According to legend, St George, a Roman knight, freed a Libyan town from the attentions of a sea-dragon by killing it. Any public figure who has since dared face-down fierce vested interests or kill off harmful prevailing orthodoxies has similarly been branded a ‘dragon slayer’. This week, in honour of England’s patron saint, we’ve asked various of our contributors to nominate the contemporary tyranny they would put to the sword.
Should modernist architects be involved in the rebuilding of Notre Dame? Yes, absolutely they should… they’d make fantastic gargoyles. After all, no one does ugly better.
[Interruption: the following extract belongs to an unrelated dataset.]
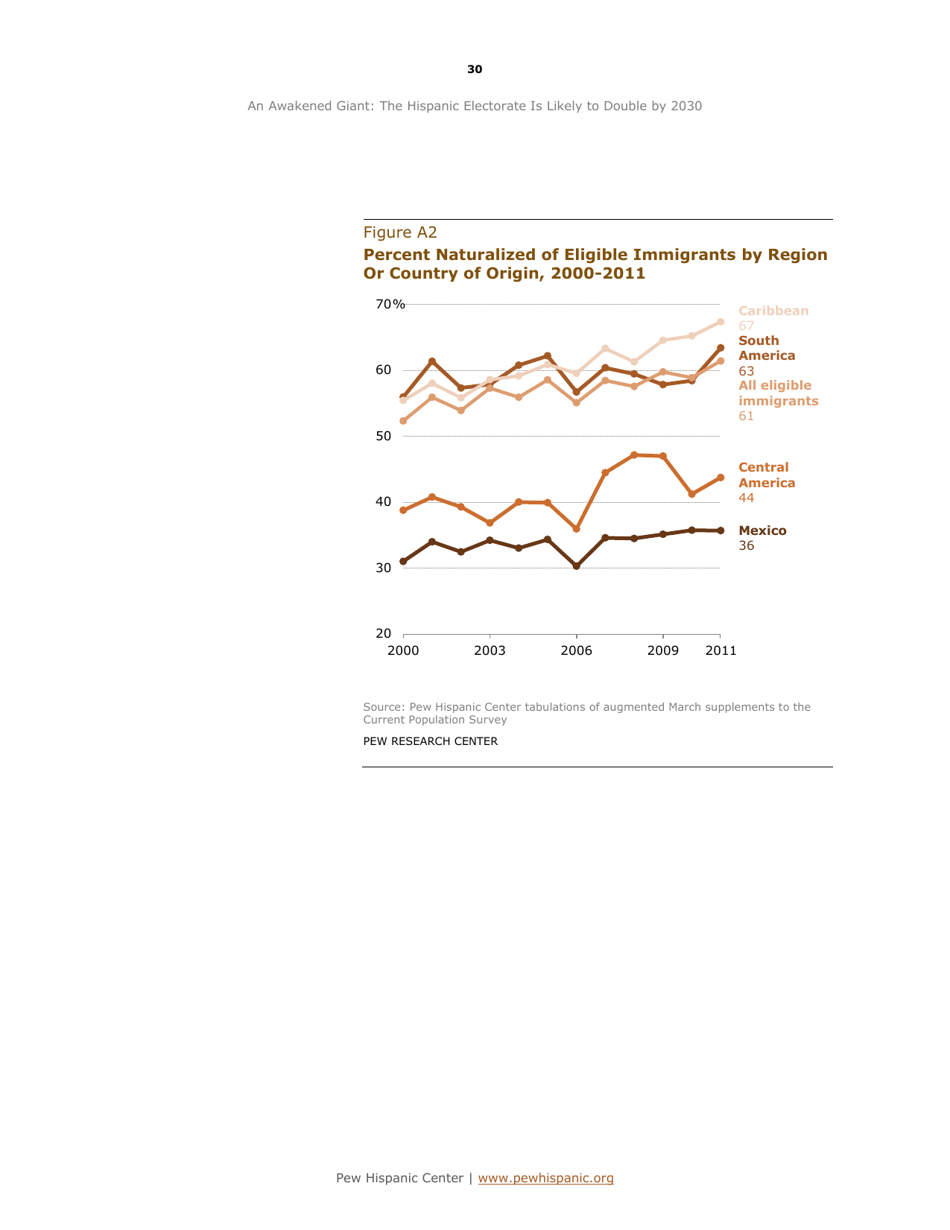 An Awakened Giant: the Hispanic Electorate Is Likely to Double by 2030 - Paul Taylor, Ana Gonzalez-Barrera, Jeffrey S. Passel and Mark Hugo Lopez, Pew Research Center, Page 31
If you walk through a city – almost any city – and fix your eyes on the nastiest building in your field of vision, it’s almost certainly in the modernist style. The most beautiful building, on the other hand, probably isn’t – more likely it’s some gutsy survivor from an early age.
A word of warning, though: if you wish to maintain your cultural respectability, it is absolutely essential that you don’t say any of this out loud. If you must make a point about the deficiencies of the contemporary urban environment, then make sure that you blame the planners or motorists or just about anyone but the architects. After all, you wouldn’t want to end up like Sir Roger Scruton, would you?
The code of silence of the haute bourgeoisie has served the professions well, and the architects most of all. It’s why our politicians are so reluctant to talk about beauty – and why, when they occasionally do, they quickly lose their nerve. What the worship of ugliness can’t do, however, is make beautiful buildings disappear or stop the rest of us from gathering in their awesome presence. When our untutored eyes behold the greatness of Notre Dame and then flick to, say, the Pompidou Centre, the combined might of the cultural establishment cannot stop us from drawing the obvious conclusion.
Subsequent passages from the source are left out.